И, поставив революции диагноз, Жид не вышел за пределы парадиг­мы «бытия-в-строительстве». «СССР “строится”... — цитирует “Возвраще­ние” Деррида, — кажется, само будущее рождается на глазах» [9, 522].

Тем самым диагноз как бы оказывается неокончательным, ему угрожают «родовые муки будущего», которые продолжаются и могут кончиться нео­жиданно — «лучезарный младенец» Демофоон все еще имеет шанс по­явиться на свет. К будущему обращен не только коммунистический опыт, но и сами путешествия в СССР, и упорядочивающие их тексты.

По-другому, но не менее явно революционная эсхатология дала о себе знать в «Московском дневнике» Вальтера Беньямина. В качестве основ­ного в этом автобиографическом тексте Деррида выделяет «феноменоло­гический мотив». Вместо того чтобы написать «портрет Москвы», Бенья­мин в письме Мартину Буберу объявляет, что через его текст заговорит сама вещь, так как в этом месте (в столице революции) в настоящий мо­мент (когда решается ее судьба) все наблюдаемое — уже теория. Други­ми словами, способ изложения должен соответствовать присутствию са­мой вещи, принимать форму ее самоописания, «находиться за пределами интерпретации, спекуляции, идеологии и т. д.» [8, 56—57]. Подобное за­ключение субъекта в скобки, воздержание от суждения, нейтрализация любой интерпретации возможны, замечает Деррида, исключительно бла­годаря «настоящему моменту» в Москве, благодаря событию революции и особой (парадоксальной: будущее-в-настоящем) темпоральной струк­туре этого события. Такова, выражаясь религиозным языком, «благодать текущего момента» [8, 58]. Столица мировой революции может быть опи­сана только чисто экспрессивным, неинструментальным языком; таков результат уникальности «настоящего момента» в месте, отмеченном мате­риалистической благодатью. «...С помощью происходящего в Москве, — подытоживает Деррида логику Беньямина, — можно восстановить перво­начальный опыт языка, подобие искупления первородного греха» [8, 62]. Хотя воплотить столь амбициозный проект немецкий автор не сумел, со­бытие обещания важно само по себе, должно быть сохранено как таковое. Обещание похоже на коммунизм в том смысле, что он также был и остал­ся призрачным, завещанным грядущему, отличным от любой полноты при­сутствия [7, 133].

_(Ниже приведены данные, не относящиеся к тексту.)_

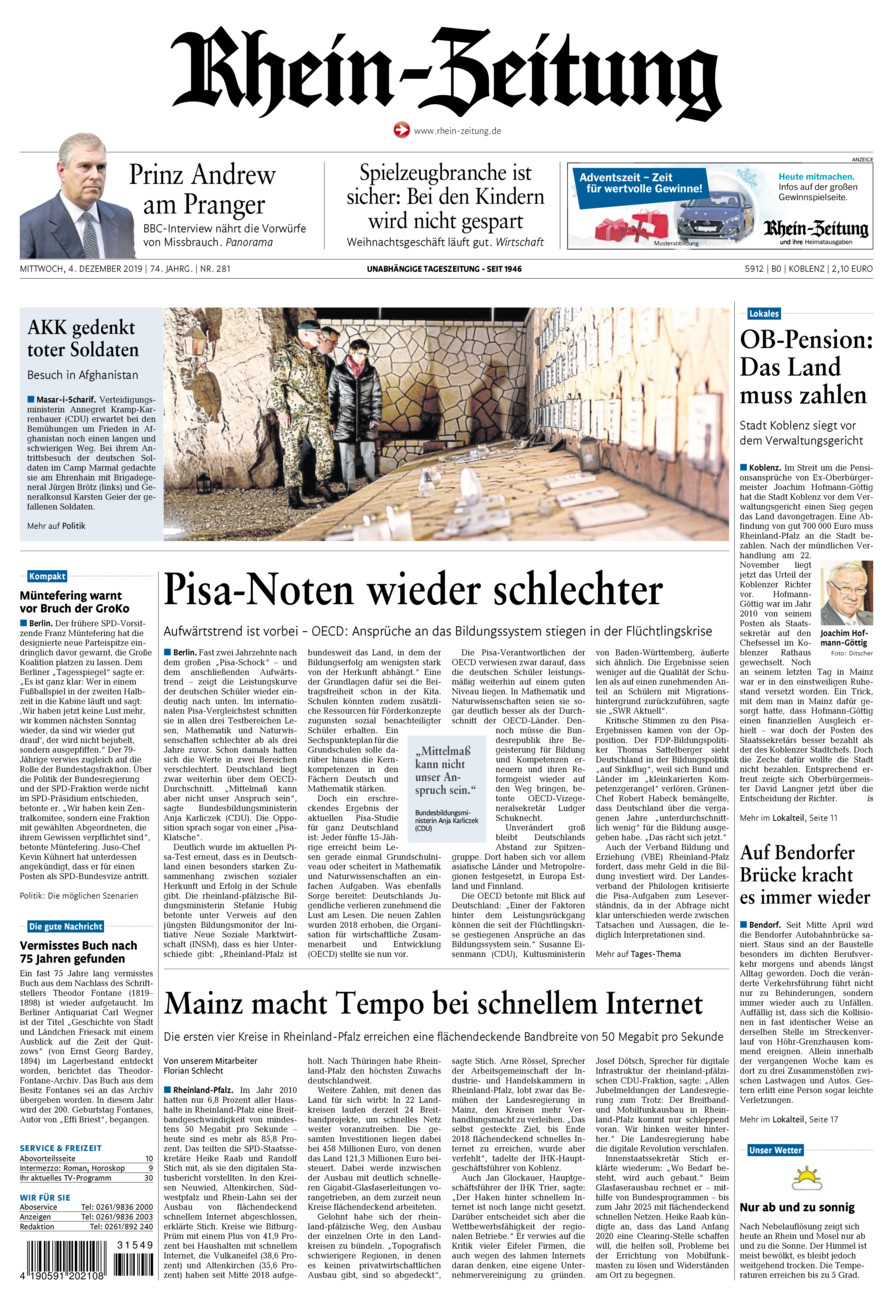 Rhein-Zeitung Koblenz & Region vom Mittwoch, 04.12.2019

Наследием марксизма, в глазах основателя деконструкции, является прежде всего «мессианство без религии», идея справедливости, отличная от права и даже от прав человека. В спасении этого момента от «кошма­ра советской бюрократии», от «сталинизма в прошлом» и «неосталиниз­ма в настоящем» Деррида с самого начала видел свою задачу как фило­софа: «Как раз такой и была естественная среда, в которой возникло то, что мы называем деконструкцией, — и понять что-либо в сегодняшней деконструкции, особенно в той, что существует во Франции, совершенно невозможно, если не учитывать это историческое переплетение» [7, 30].

Деррида впервые приехал в Москву зимой 1990 года, в разгар пере­стройки и связанного с ней окончательного, как он полагал, завершения жанра «возвращений из СССР» (о том, что самому СССР оставалось про­существовать менее двух лет, тогда мало кто догадывался). Подвергая анализу тексты Этьембля, Жида и Беньямина, он хотел объяснить, поче­му невозможно его собственное «возвращение», что мешает «просто рас­сказать» о поездке на родину социализма. Собственные впечатления Дер­рида наметил пунктиром, как бы спрятав их среди отрывков из текстов о паломничествах в Мекку революции. Он отказался от состязания с авто­рами «возвращений» в постижении смысла Октябрьской революции, счи­тая его изначально множественным, распыленным на фрагменты, не под­водимым под единый знаменатель.